**Exercise directions**
Please, from the entries below, transcribe exactly the lines that begin at the line with "Fil Desenli Etnik" and end at the line with "Round Brilliant Cut", without the pictures.

**Dataset records**
○ ○ ○ ○

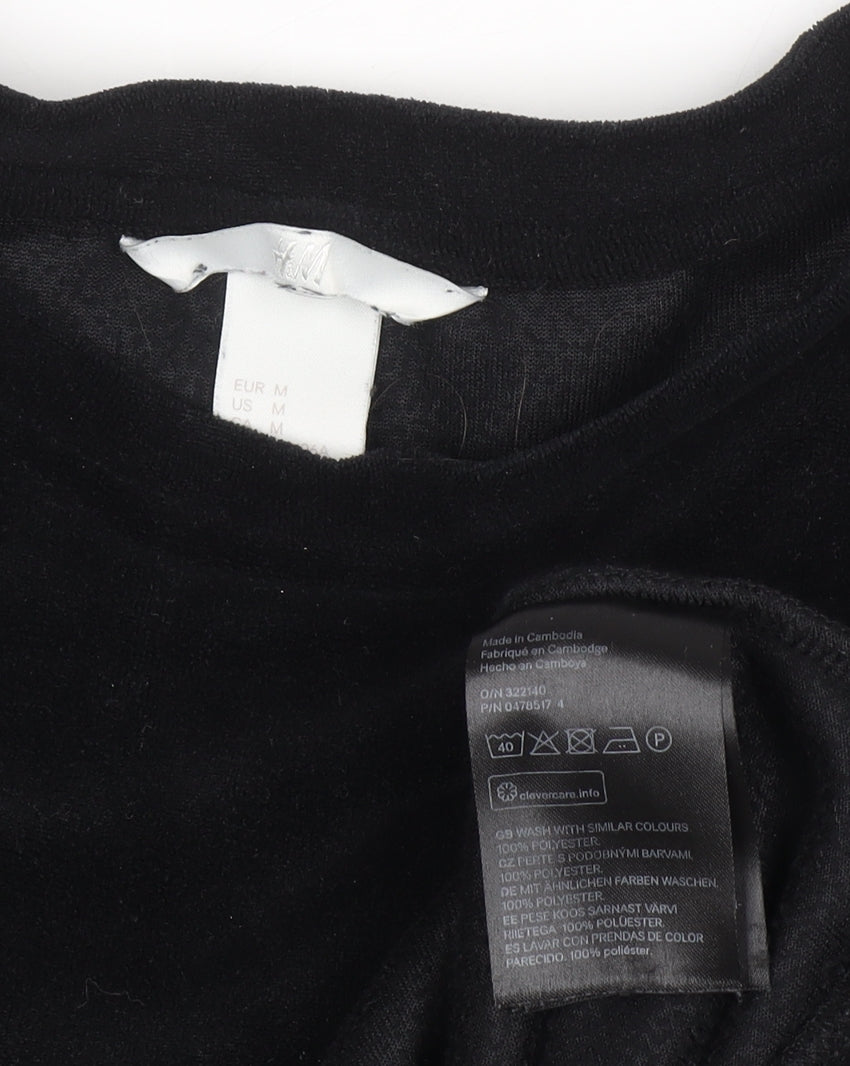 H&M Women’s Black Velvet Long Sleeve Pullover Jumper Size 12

○ ○ ○ ○

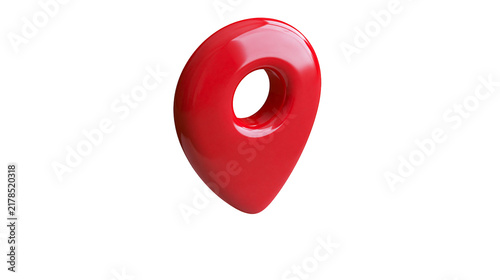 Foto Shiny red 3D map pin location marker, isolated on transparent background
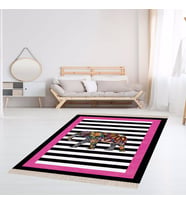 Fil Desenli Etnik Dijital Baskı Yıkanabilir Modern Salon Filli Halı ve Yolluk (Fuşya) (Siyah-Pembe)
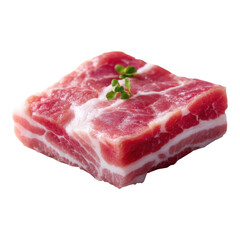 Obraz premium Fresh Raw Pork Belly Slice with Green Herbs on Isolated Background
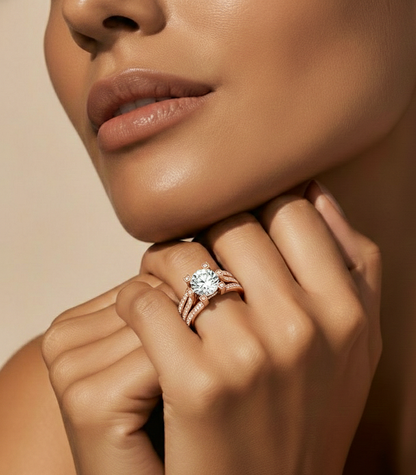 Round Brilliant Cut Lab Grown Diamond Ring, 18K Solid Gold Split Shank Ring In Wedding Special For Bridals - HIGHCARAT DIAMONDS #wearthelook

○ ○ ○ ○

**Exercise answer**
 Fil Desenli Etnik Dijital Baskı Yıkanabilir Modern Salon Filli Halı ve Yolluk (Fuşya) (Siyah-Pembe)
 Obraz premium Fresh Raw Pork Belly Slice with Green Herbs on Isolated Background
 Round Brilliant Cut Lab Grown Diamond Ring, 18K Solid Gold Split Shank Ring In Wedding Special For Bridals - HIGHCARAT DIAMONDS #wearthelook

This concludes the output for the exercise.